#### Problem description:
Below are entries with pictures in them. Output exactly the lines starting at the line with "尸王殿中的尸王刷新时间是多久?如何高效蹲守尸王? 尸王殿" and ending at the line with "Bitsy - Yorkshire Terrier - Yorkie for sale", both included, but not the pictures.

#### Records for processing:
——

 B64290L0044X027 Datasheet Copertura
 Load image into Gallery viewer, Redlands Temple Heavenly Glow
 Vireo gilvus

——

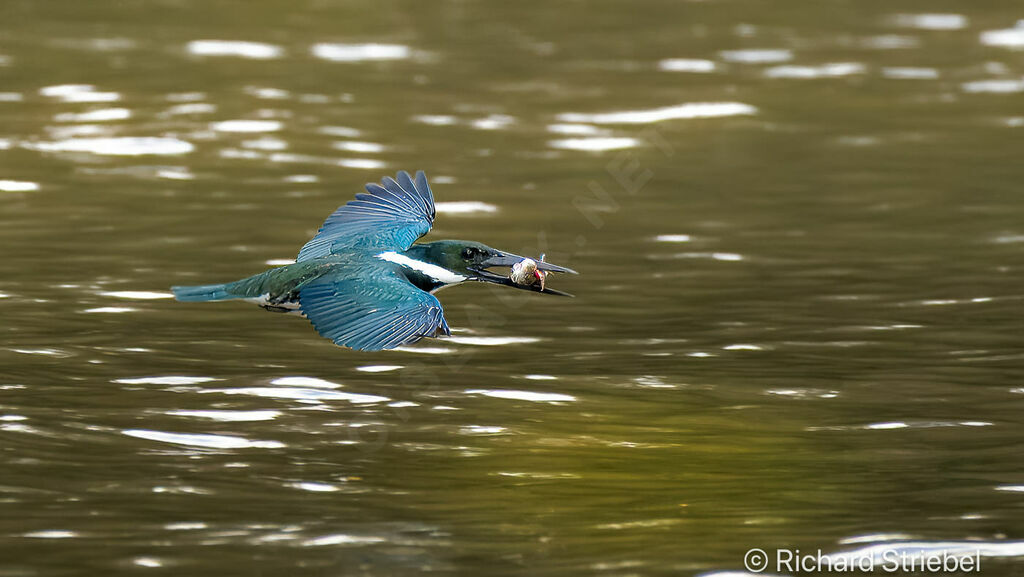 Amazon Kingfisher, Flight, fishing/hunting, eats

——

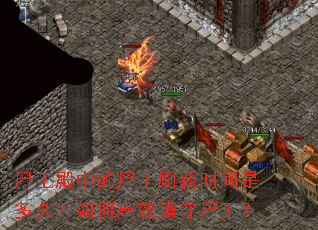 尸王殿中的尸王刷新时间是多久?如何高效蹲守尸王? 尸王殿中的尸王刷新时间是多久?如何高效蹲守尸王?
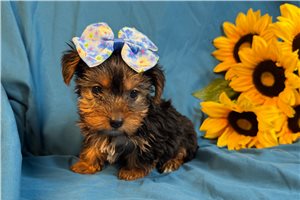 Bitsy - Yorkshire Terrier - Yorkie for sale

——

#### Solved problem:
 尸王殿中的尸王刷新时间是多久?如何高效蹲守尸王? 尸王殿中的尸王刷新时间是多久?如何高效蹲守尸王?
 Bitsy - Yorkshire Terrier - Yorkie for sale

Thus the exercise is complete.